How to complete this task = Give again exactly the lines that stretch from the one with "14/5 Jacquinot Place, Glenfield NSW 2167" to the end of the data below, including both of those lines and nothing else.

[Items from a dataset]

++++

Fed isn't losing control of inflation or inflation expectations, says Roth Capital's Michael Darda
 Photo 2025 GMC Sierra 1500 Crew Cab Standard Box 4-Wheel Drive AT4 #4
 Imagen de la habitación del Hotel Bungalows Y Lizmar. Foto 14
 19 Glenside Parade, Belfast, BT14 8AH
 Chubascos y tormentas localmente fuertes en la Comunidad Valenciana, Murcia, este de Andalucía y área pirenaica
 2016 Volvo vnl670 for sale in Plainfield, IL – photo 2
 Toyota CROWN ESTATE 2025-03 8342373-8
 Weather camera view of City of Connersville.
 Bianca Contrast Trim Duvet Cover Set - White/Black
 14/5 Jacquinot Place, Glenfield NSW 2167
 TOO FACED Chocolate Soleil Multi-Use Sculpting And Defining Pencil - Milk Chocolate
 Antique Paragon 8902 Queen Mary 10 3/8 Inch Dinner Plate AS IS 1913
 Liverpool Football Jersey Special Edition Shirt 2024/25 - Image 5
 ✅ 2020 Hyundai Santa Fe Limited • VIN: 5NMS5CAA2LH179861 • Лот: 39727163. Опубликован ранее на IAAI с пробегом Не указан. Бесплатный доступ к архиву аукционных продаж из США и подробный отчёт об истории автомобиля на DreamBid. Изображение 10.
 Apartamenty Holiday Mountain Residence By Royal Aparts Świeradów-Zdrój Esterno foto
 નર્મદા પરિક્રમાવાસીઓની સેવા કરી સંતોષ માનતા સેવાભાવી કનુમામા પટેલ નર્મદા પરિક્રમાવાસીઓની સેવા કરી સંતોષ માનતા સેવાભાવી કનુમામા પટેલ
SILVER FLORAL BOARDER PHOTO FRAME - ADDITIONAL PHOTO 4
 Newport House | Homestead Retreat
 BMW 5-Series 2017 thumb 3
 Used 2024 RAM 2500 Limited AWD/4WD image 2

++++

Written solution =
 14/5 Jacquinot Place, Glenfield NSW 2167
 TOO FACED Chocolate Soleil Multi-Use Sculpting And Defining Pencil - Milk Chocolate
 Antique Paragon 8902 Queen Mary 10 3/8 Inch Dinner Plate AS IS 1913
 Liverpool Football Jersey Special Edition Shirt 2024/25 - Image 5
 ✅ 2020 Hyundai Santa Fe Limited • VIN: 5NMS5CAA2LH179861 • Лот: 39727163. Опубликован ранее на IAAI с пробегом Не указан. Бесплатный доступ к архиву аукционных продаж из США и подробный отчёт об истории автомобиля на DreamBid. Изображение 10.
 Apartamenty Holiday Mountain Residence By Royal Aparts Świeradów-Zdrój Esterno foto
 નર્મદા પરિક્રમાવાસીઓની સેવા કરી સંતોષ માનતા સેવાભાવી કનુમામા પટેલ નર્મદા પરિક્રમાવાસીઓની સેવા કરી સંતોષ માનતા સેવાભાવી કનુમામા પટેલ
SILVER FLORAL BOARDER PHOTO FRAME - ADDITIONAL PHOTO 4
 Newport House | Homestead Retreat
 BMW 5-Series 2017 thumb 3
 Used 2024 RAM 2500 Limited AWD/4WD image 2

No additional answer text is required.